Opinion
21-cv-07891-VC
08-05-2022
ORDER GRANTING MOTION FOR DEFAULT JUDGMENT
Re: Dkt. No. 45
VINCE CHHABRIA, UNITED STATES DISTRICT JUDGE
The motion for default judgment is granted. The Court has subject matter and personal jurisdiction over this case. The plaintiffs have not perfectly complied with California's service provisions for entity defendants because the proof of service did not contain a statement giving Ohayon notice that he was being served on behalf of Bigham Services and as an individual. See Cal. Civ. Pro. Code §§ 412.30, 417.10(a), (c). But perfect compliance is not required. Substantial compliance is sufficient. Travelers Casualty and Surety Company of America v. Brenneke, 551 F.3d 1132, 1135 (9th Cir. 2009). And these circumstances-where the summons clearly lists both defendants and subsequent communications between the parties and their lawyers make clear that both sides understood Ohayon to have been served both in his individual capacity and on behalf of the corporation-constitute substantial compliance. See, e.g., Dkt. No. 45-29, at 2; Dkt. No. 45-32, at 2-3.
The Eitel factors weigh in favor of granting default judgment in this case. See Eitel v. McCool, 782 F.2d 1470, 1471-72 (9th Cir. 1986). The complaint sufficiently alleges that Bigham Services breached its franchising agreements with the plaintiffs by abandoning its operations in the agreed-upon territory, and this is supported by the Dawson declaration filed in connection with the motion. The plaintiffs will be prejudiced if default judgment is not entered given the impending deadline to submit a claim to the trustee in Bigham Services' General Assignment for the Benefit of Creditors proceedings (an alternative to bankruptcy). Given that counsel for the ABC entity is aware of the pending proceedings, the Court cannot presume that Bigham Services' failure to defend itself in this litigation is excusable neglect. While the sum of money at stake and the general preference for making decisions on the merits weigh against granting default, those factors cannot outweigh the others.
The plaintiffs may recover the pre-termination damages they incurred, plus, as set forth in the operating agreement, prejudgment interest of 18% per year. For One Hour Air Conditioning, that totals $69,850.32. For Mister Sparky, that totals $21,078.44. But much of the future damages the plaintiffs request is too speculative to recover. The Court cannot assume that the average net sales over the thirteen-month period immediately preceding the breach reasonably represents the net sales Bigham Services would accrue for the entire eight years of the contracts' term that remained after the breach. And even though the plaintiffs' mitigation efforts have not yet been successful, the Court is not reasonably certain that they will be unable to resell at least some part of the relevant territories by November 2029.

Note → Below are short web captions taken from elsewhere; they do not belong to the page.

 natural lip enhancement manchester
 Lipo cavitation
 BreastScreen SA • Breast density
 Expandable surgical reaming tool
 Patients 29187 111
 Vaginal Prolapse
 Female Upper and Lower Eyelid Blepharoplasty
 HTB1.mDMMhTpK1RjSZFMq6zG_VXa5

Even still, the contracts set out a non-speculative way to estimate at least some portion of the plaintiffs' future damages. At minimum, the plaintiffs were entitled to $1,500 per month for each franchise agreement until the expiration of the agreements' term in November 2029. That $1,034,250 ($738,750 for One Hour Air Conditioning and $295,500 for Mister Sparky) is not speculative. From that figure, the Court subtracts $24,625 of the plaintiffs' cost savings ($18,416.32 for One Hour Air Conditioning and $6,208.68 for Mister Sparky) and the $90,000 Ohayon paid to settle the case against him ($67,343.58 for One Hour Air Conditioning and $22,656.42 for Mister Sparky). Altogether then, One Hour Air Conditioning is awarded $722,840.42 and Mister Sparky is awarded $287,713.34.
The request for judicial notice is granted. The statement of information is a fact not subject to reasonable dispute because it can be accurately and readily determined from the California Secretary of State's website. See Fed.R.Evid. 201(b)(2).
IT IS SO ORDERED.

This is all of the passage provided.